WORK REQUEST: Every line below needs to be printed again exactly, without any of its pictures.

(Beginning of DATA EXTRACTS)

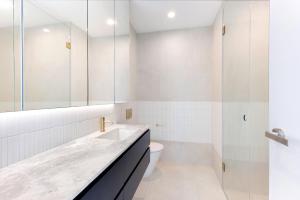 a white bathroom with a sink and a toilet at Soho Penthouse - Luxury lifestyle property in Prahran in Melbourne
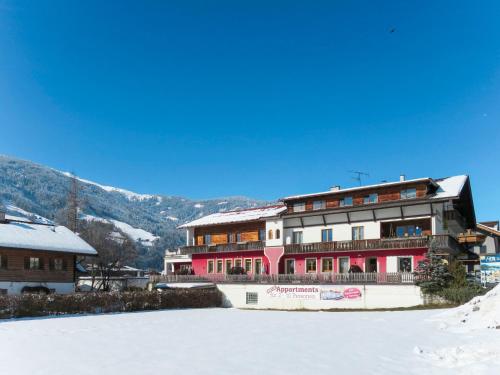 a large building in the snow with mountains in the background at Apartment Lechners Wohnwelt-3 by Interhome in Stumm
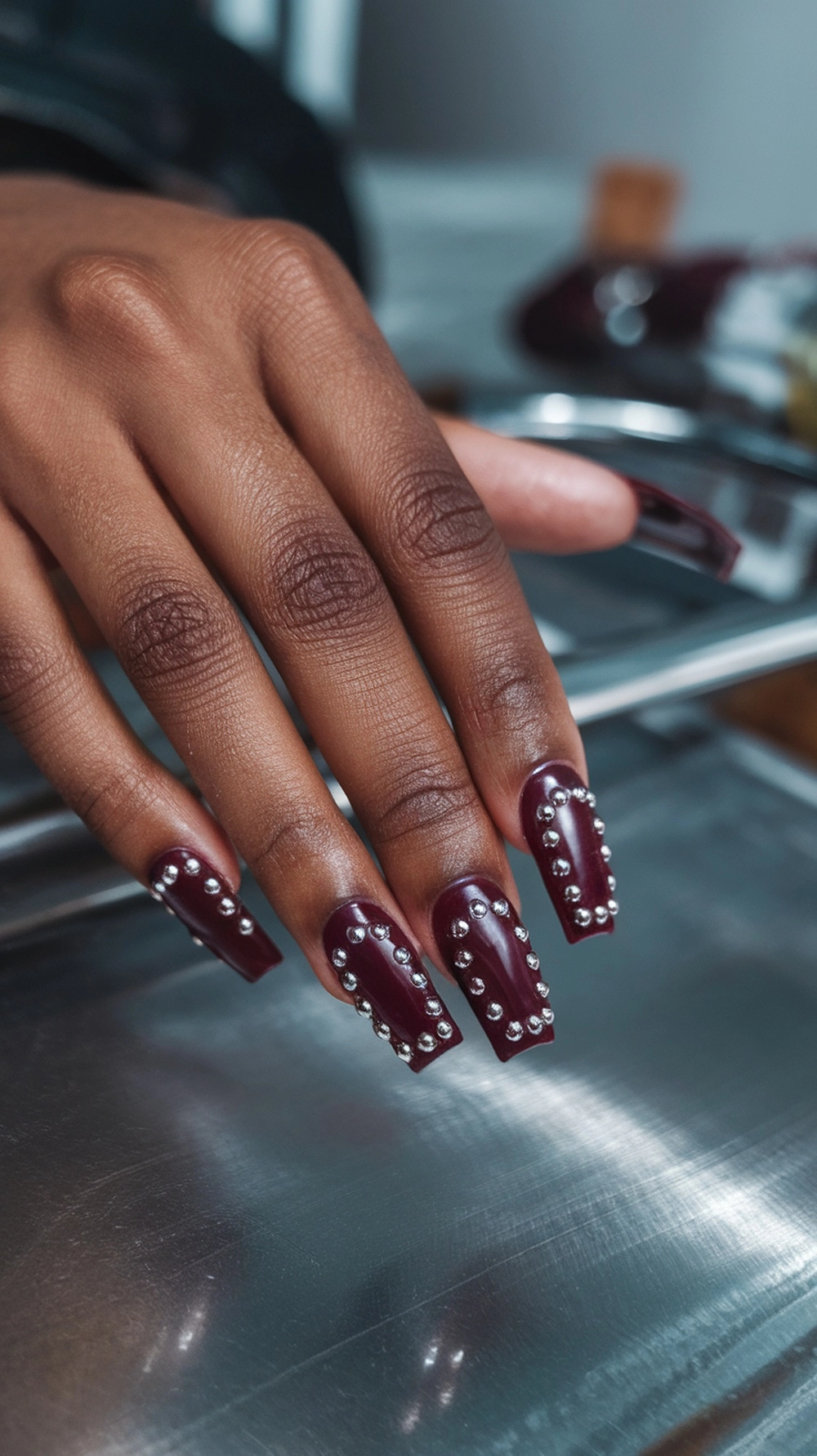 How to Style Burgundy Nail Designs for a Bold Stunning Look 3 Burgundy nails with silver studs on a hand resting on a metallic surface.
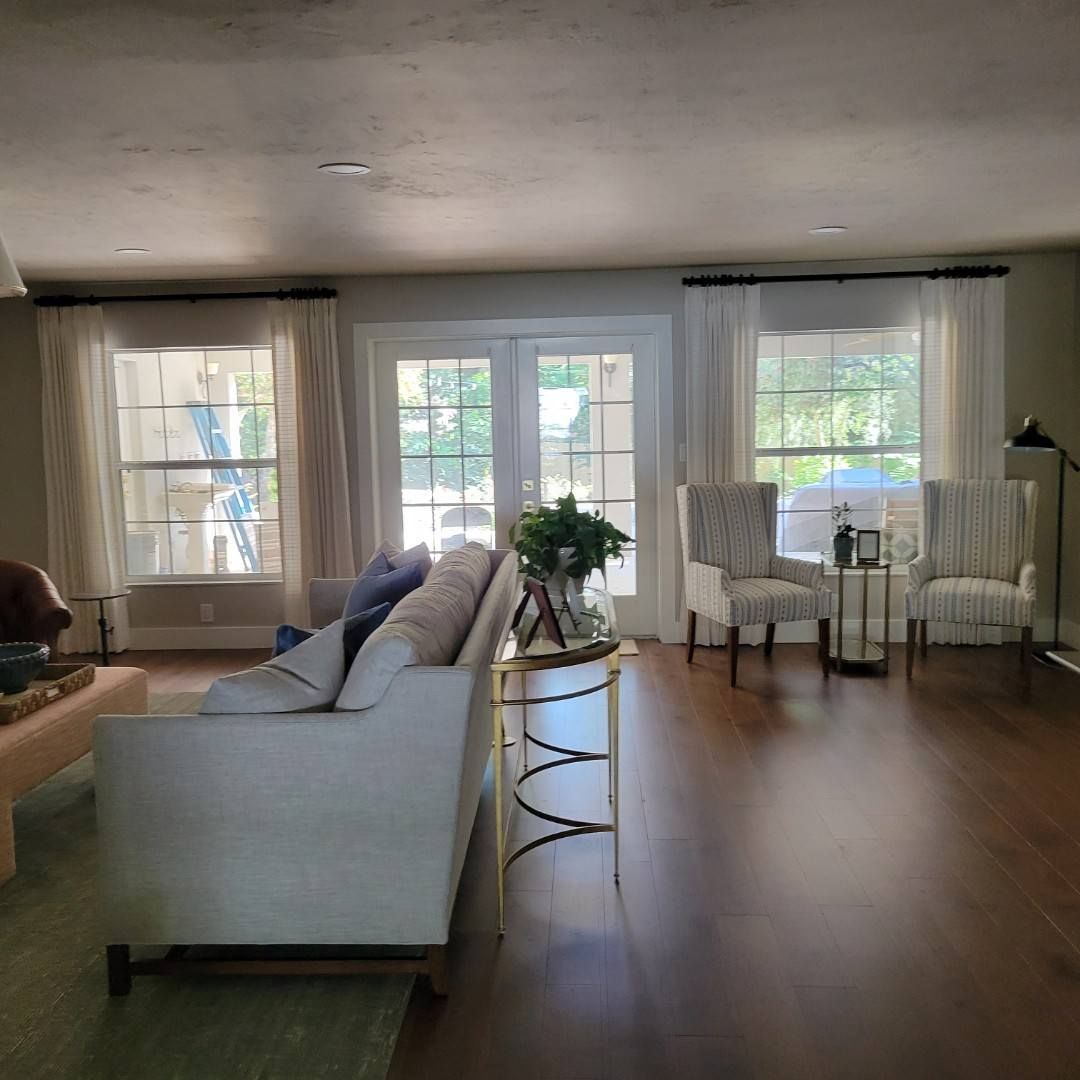 Living room with light-colored furniture, hardwood floors, and large windows with white curtains.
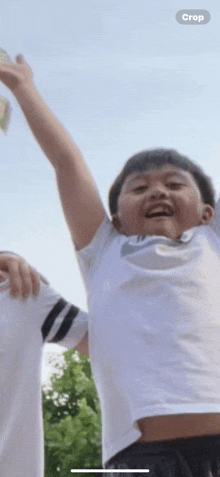 a boy wearing a white nike shirt is smiling with his arm up in the air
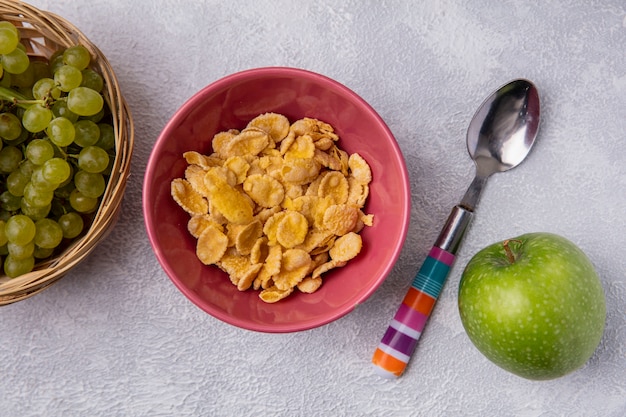 Foto gratuita copos de maíz de vista superior en un recipiente con una cucharadita con una manzana verde y uvas verdes sobre un fondo blanco.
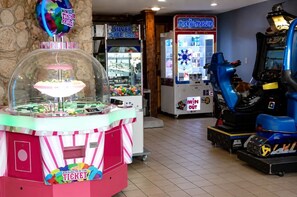 Eine Spielhalle mit verschiedenen Spielautomaten, darunter ein Skeeball-Spiel, eine Dartscheibe und ein Rennspiel.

(End of DATA EXTRACTS)

SOLUTION:
 a white bathroom with a sink and a toilet at Soho Penthouse - Luxury lifestyle property in Prahran in Melbourne
 a large building in the snow with mountains in the background at Apartment Lechners Wohnwelt-3 by Interhome in Stumm
 How to Style Burgundy Nail Designs for a Bold Stunning Look 3 Burgundy nails with silver studs on a hand resting on a metallic surface.
 Living room with light-colored furniture, hardwood floors, and large windows with white curtains.
 a boy wearing a white nike shirt is smiling with his arm up in the air
 Foto gratuita copos de maíz de vista superior en un recipiente con una cucharadita con una manzana verde y uvas verdes sobre un fondo blanco.
 Eine Spielhalle mit verschiedenen Spielautomaten, darunter ein Skeeball-Spiel, eine Dartscheibe und ein Rennspiel.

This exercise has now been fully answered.